I kinda like it, we may suck this year but we will be one of the more athletic teams in the league


----------



## Tom

The gang that couldn't shoot straight. They better play some serious d.


----------



## Damian Necronamous

PG: Luke Ridnour...Brandon Jennings
SG: Michael Redd...Jodie Meeks...Charlie Bell
SF: Luc Mbah a Moute...Walter Sharpe...Sonny Weems
PF: Joe Alexander...Hakim Warrick...Kurt Thomas
C: Andrew Bogut...Amir Johnson...Dan Gadzuric...Francisco Elson

I guess it could be worse...????


----------



## Wade County

Wow at that SF rotation *cringe*

And I thought the Heat's one was bad.


----------



## roux

MB30 said:


> Wow at that SF rotation *cringe*
> 
> And I thought the Heat's one was bad.


It isnt accurate, the Bucks brought back ilyasova, and he, Moute, Alexander and Warrick are all 3-4 hybrids, still not good but not as bad as he made it look


----------



## HKF

Damian Necronamous said:


> PG: Luke Ridnour...Brandon Jennings
> SG: Michael Redd...Jodie Meeks...Charlie Bell
> SF: Luc Mbah a Moute...Walter Sharpe...Sonny Weems
> PF: Joe Alexander...Hakim Warrick...Kurt Thomas
> C: Andrew Bogut...Amir Johnson...Dan Gadzuric...Francisco Elson
> 
> I guess it could be worse...????


Your rotation is wrong...

PG: Luke Ridnour, Brandon Jennings, Charlie Bell
SG: Michael Redd, Jodie Meeks, Sonny Weems
SF: Luc Mbah a Moute, Joe Alexander, Walter Sharpe
PF: Kurt Thomas, Hakim Warrick, Amir Johnson
C: Andrew Bogut, Francisco Elson, Dan Gadzuric

Sharpe and Weems look like they will be waived.


----------



## roux

HKF said:


> Your rotation is wrong...
> 
> PG: Luke Ridnour, Brandon Jennings, Charlie Bell
> SG: Michael Redd, Jodie Meeks, Sonny Weems
> SF: Luc Mbah a Moute, Joe Alexander, Walter Sharpe
> PF: Kurt Thomas, Hakim Warrick, Amir Johnson
> C: Andrew Bogut, Francisco Elson, Dan Gadzuric
> 
> Sharpe and Weems look like they will be waived.

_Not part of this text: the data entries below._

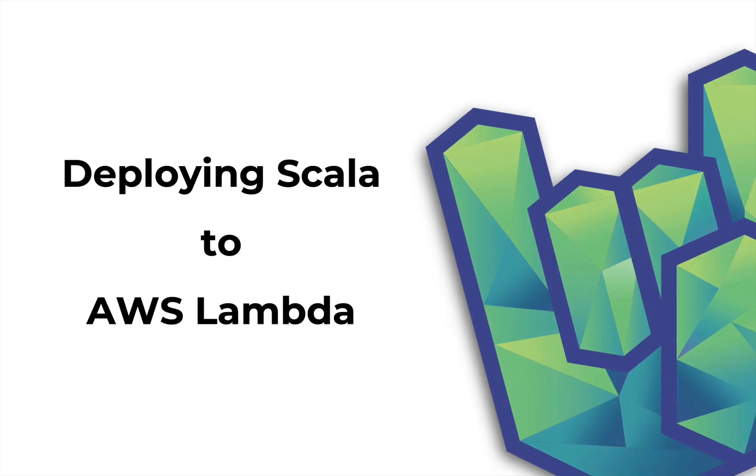Welcome back to Rock the JVM. I'm Daniel, and in this video I'm going to show you how to deploy a Scala function to AWS Lambda.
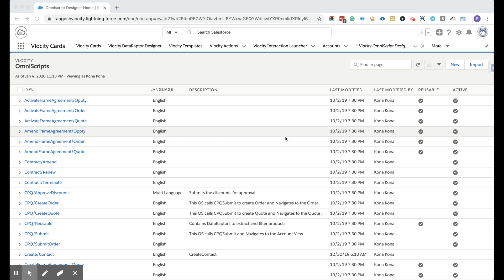In this video, we are going to create a new Velocity OmniScript where we are going to create a contact record by collecting the contact information like first name, last name, and then create a contact record. So let's start with creating the Velocity OmniScript.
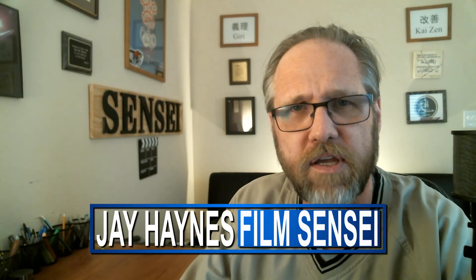I'm Jay Haynes of the Film Sensei YouTube channel and this has been how to record a voiceover in HitFilm. If you have any questions, please leave them in the comments below. Otherwise, thanks for watching.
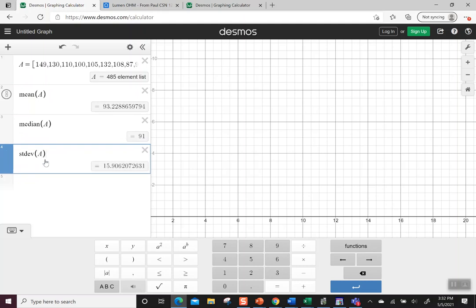These numbers were actually a list of length of time of Disney movies – I found 485 Disney movies and put it together. This would say the average mean time is 93 minutes for a Disney movie.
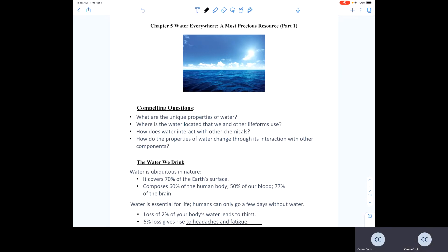This is the Chapter 5 Pre-Class Lecture Part 1. Chapter 5 focuses on water.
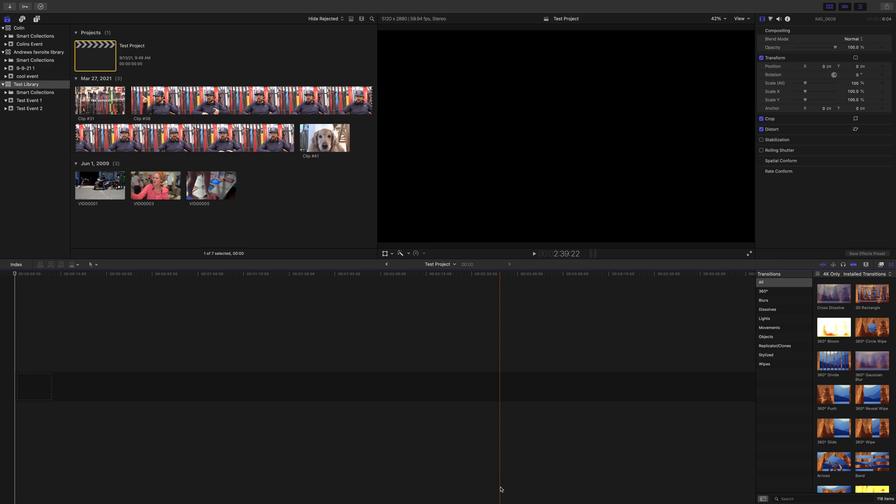Hey everybody, time for another Final Cut Pro lesson and today we're up to basic editing. This is really editing 101 if you've never edited before, especially in this software. I'm going to show you the very basics and some things to keep in mind so you don't make the same mistakes that some other newer editors do.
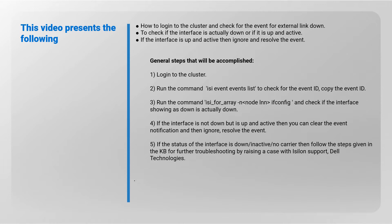Step 3: Run the command shown to check if the interface showing is down is actually down. Step 4: If the interface is not down but is up and active, then you can clear the event notification and then ignore, resolve the event.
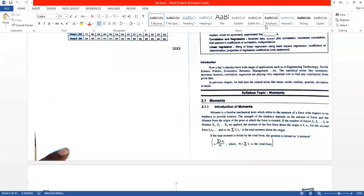Hello everyone. Last time we discussed moments, and this chapter will be about them as part of the review. What is meant by moment? A moment is a familiar mechanical term which refers to measuring a force with respect to its tendency to provide a rotation. The strength of tendency depends on the number of forces and the distance from the origin of the point at which the force is exerted.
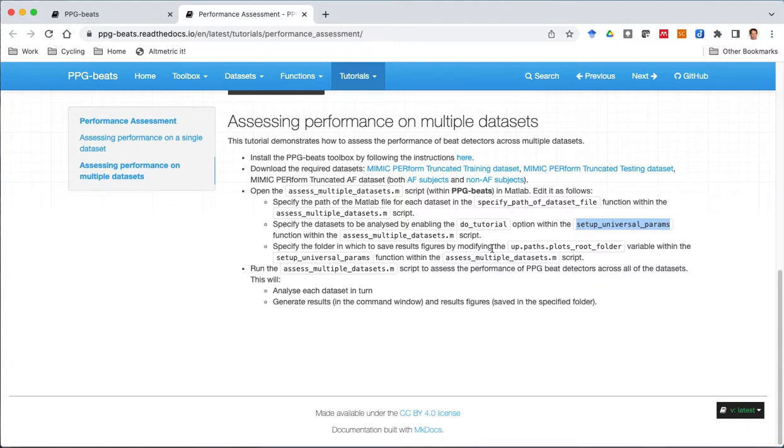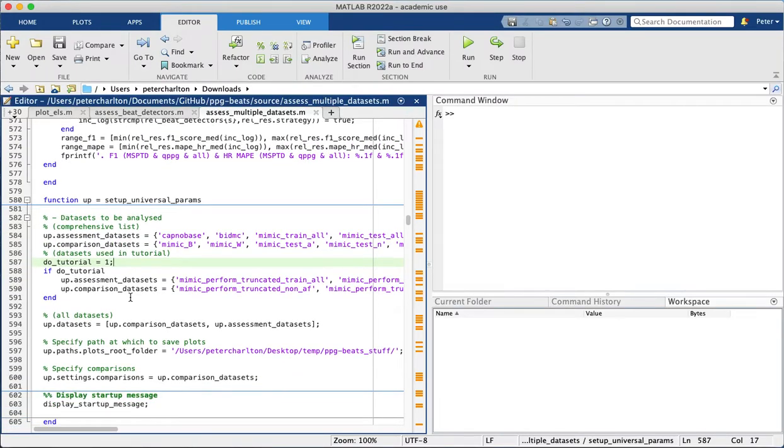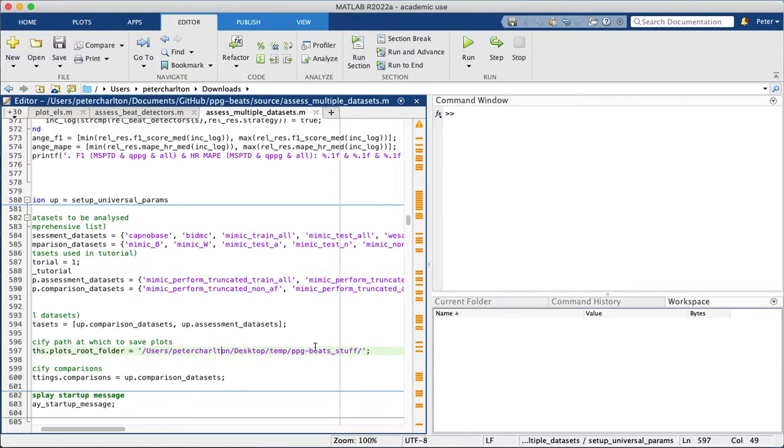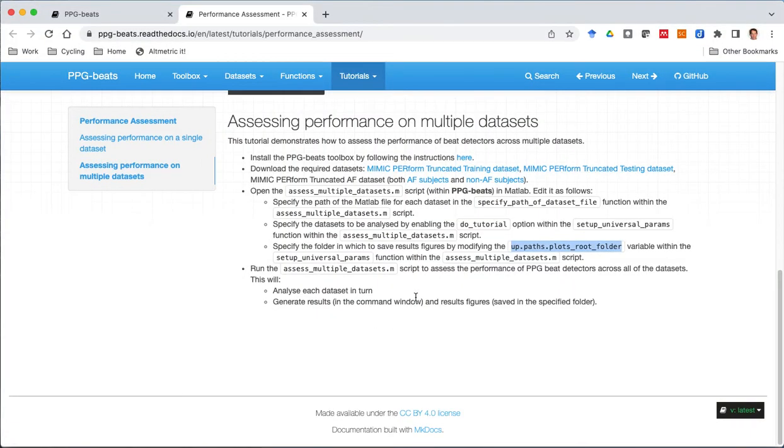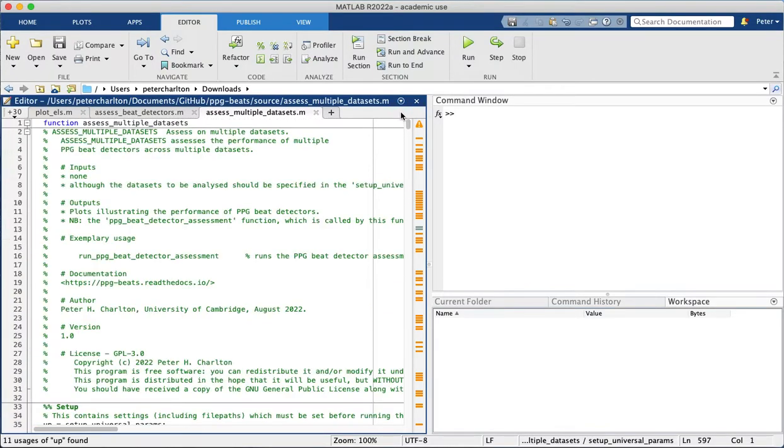And then the third step is to tell the script where to save the results figures in this folder here, which again is still in the same setup universal params function. So that's this line here, and I've told it to save the results in this ppg beat stuff folder, and you will want to replace that with your own folder. So we're now ready to run the script to assess the performance of ppg beat detectors across all of the datasets.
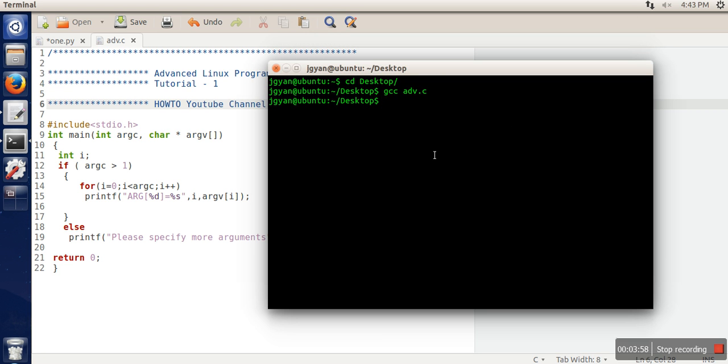And then run it. If you are running this program without specifying any argument...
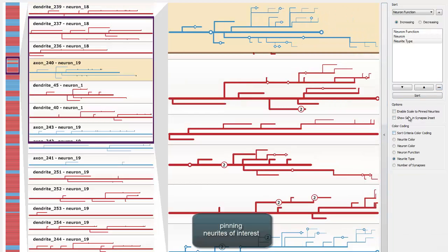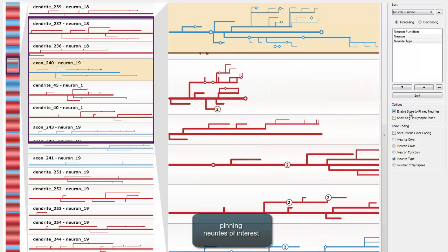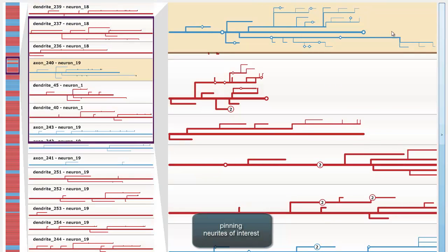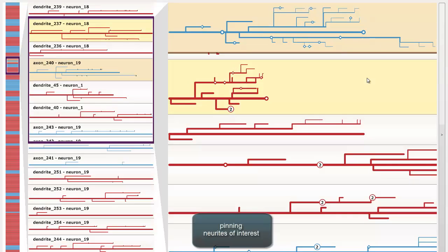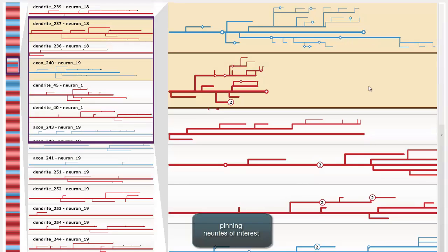To analyze the length and branching patterns of neurites, we support relative scaling of all structures in relation to the pinned neurite. We also allow multiple neurites to be pinned to the workspace.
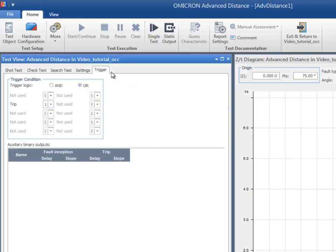The Trigger tab is used to set the trigger conditions of the binary inputs to which the relay contacts are connected. Our trigger will be the trip contact that we enabled in the local hardware configuration.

I doubt thomas starts at the 4 as well, Warrick or Johnson will probably start there, i dont see Thomas being on this team come opening night


----------



## Diable

You'd think they'd love to move Redd if they could.If Thomas is still a decent big man some contending team should give you something.Milwaukee may as well put Jennings out there and see what he can do.Ridnour is an okay backup,but he's never going to be more...And starting caliber nba point guards eat his lunch any way.


----------



## Damian Necronamous

HKF said:


> Your rotation is wrong...
> 
> PG: Luke Ridnour, Brandon Jennings, Charlie Bell
> SG: Michael Redd, Jodie Meeks, Sonny Weems
> SF: Luc Mbah a Moute, Joe Alexander, Walter Sharpe
> PF: Kurt Thomas, Hakim Warrick, Amir Johnson
> C: Andrew Bogut, Francisco Elson, Dan Gadzuric
> 
> Sharpe and Weems look like they will be waived.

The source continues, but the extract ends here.